What you need to do: Pictures in the data below are not part of the copy; transcribe everything else exactly.

Available data:
= = = = = = =

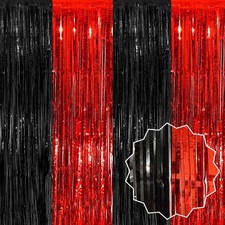 6 Pack Black and Red Foil Fringe Curtains Backdrop 3.28 x 9.8 Ft Metallic Str...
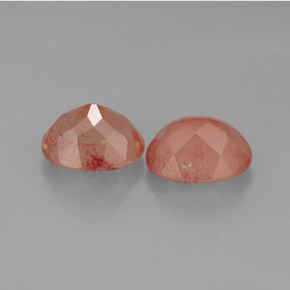 캐럿 천연 허니 레드 안데신 래브라도라이트 보석, 타원형 컷, 투명한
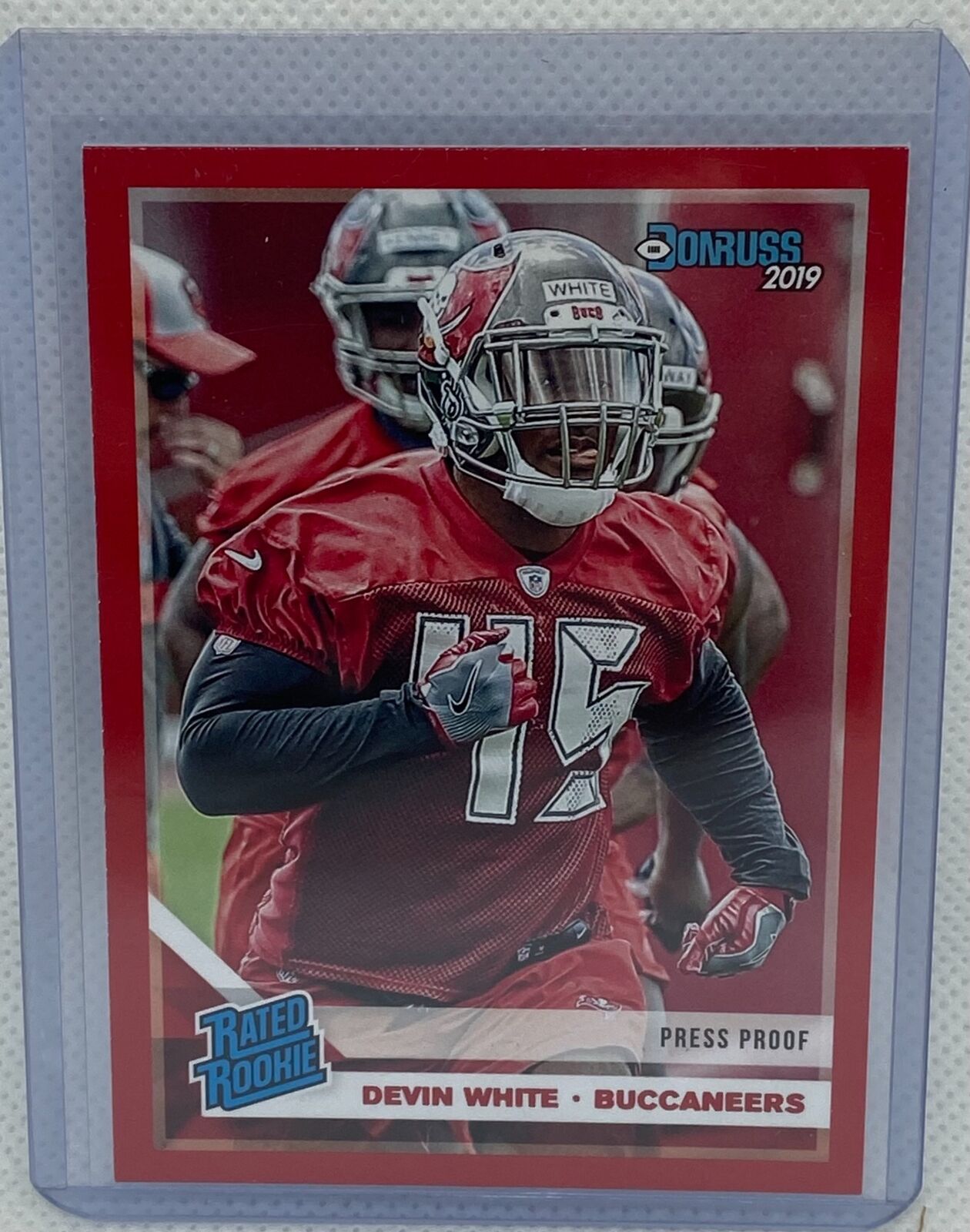 DEVIN WHITE 2019 PANINI DONRUSS RATED ROOKIE PRESS PROOF RED RC #342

= = = = = = =

Response area:
 6 Pack Black and Red Foil Fringe Curtains Backdrop 3.28 x 9.8 Ft Metallic Str...
 캐럿 천연 허니 레드 안데신 래브라도라이트 보석, 타원형 컷, 투명한
 DEVIN WHITE 2019 PANINI DONRUSS RATED ROOKIE PRESS PROOF RED RC #342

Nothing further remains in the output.